§ DATASET EXCERPT
========

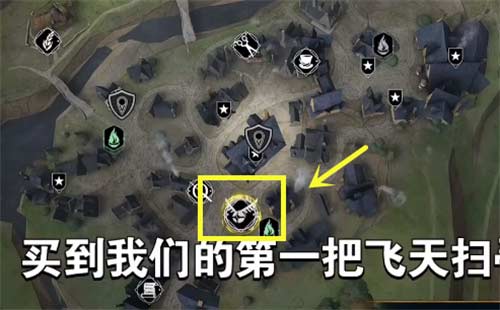 霍格沃茨遗产飞行扫帚怎么获得 扫帚获取方法一览
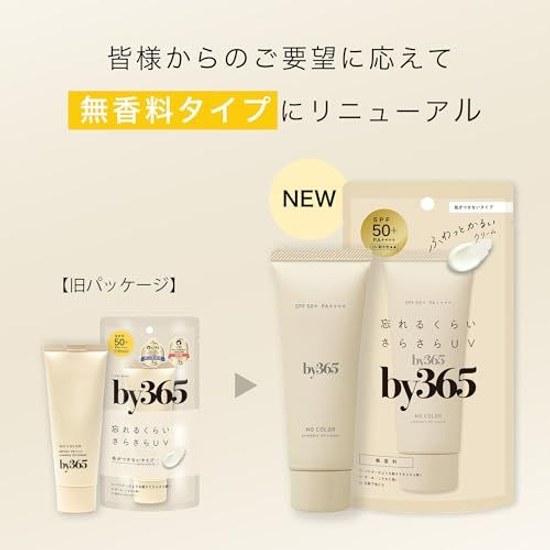 NARIS UP By365 Powdery UV Cream Fragrance-Free 60g Renewal Lightweight Sunscreen Face Body Non-Greasy Makeup Base Pore Coverage Moisturizing Hydrating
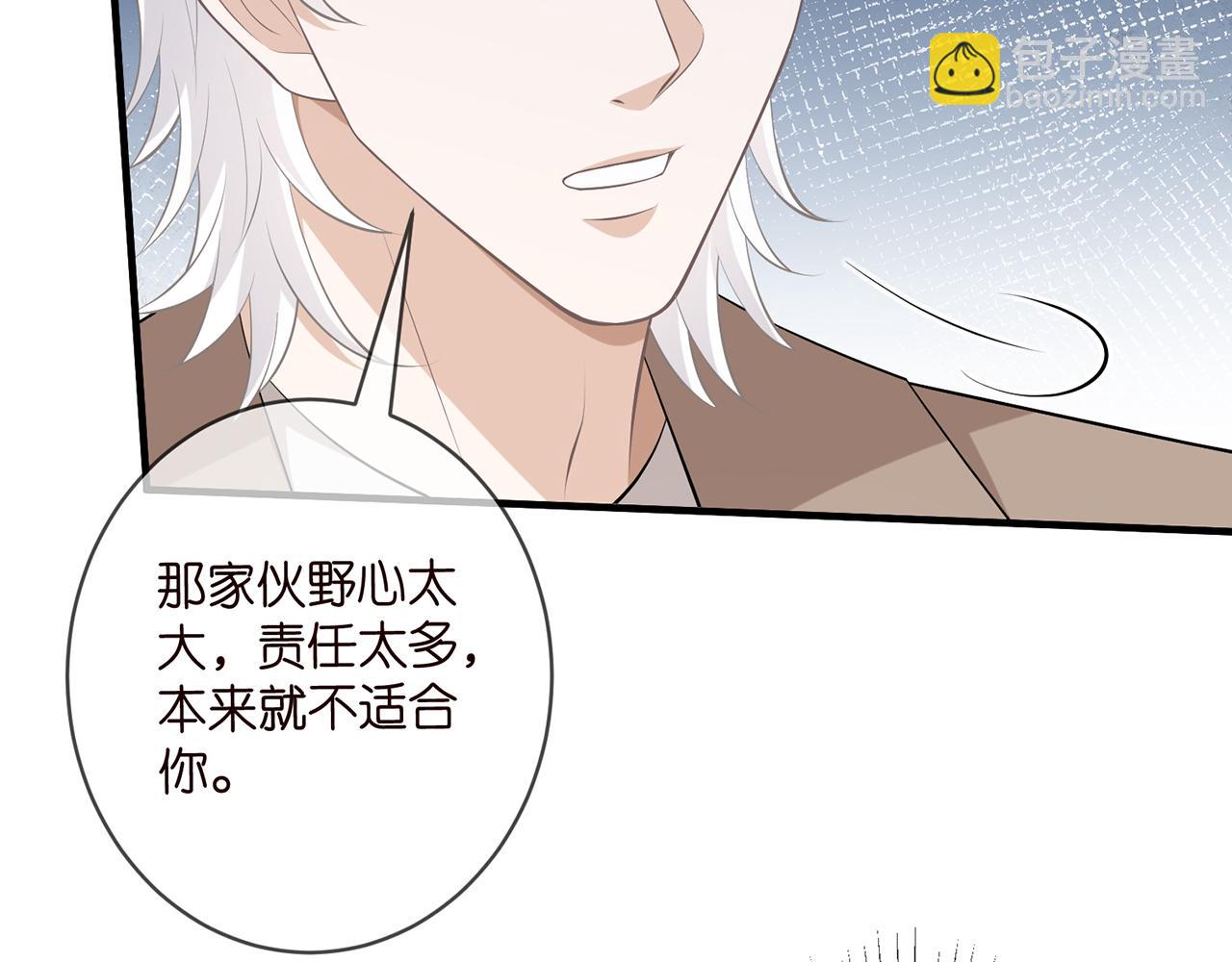 🍟名门挚爱 第470 不安的内心 第44页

========

§ TO DO
Both the line containing "NARIS UP By365" and the last line of the listing above belong in the copy, along with every line between them; retype them exactly and omit the pictures.

§ ANSWER TO THE EXERCISE
 NARIS UP By365 Powdery UV Cream Fragrance-Free 60g Renewal Lightweight Sunscreen Face Body Non-Greasy Makeup Base Pore Coverage Moisturizing Hydrating
 🍟名门挚爱 第470 不安的内心 第44页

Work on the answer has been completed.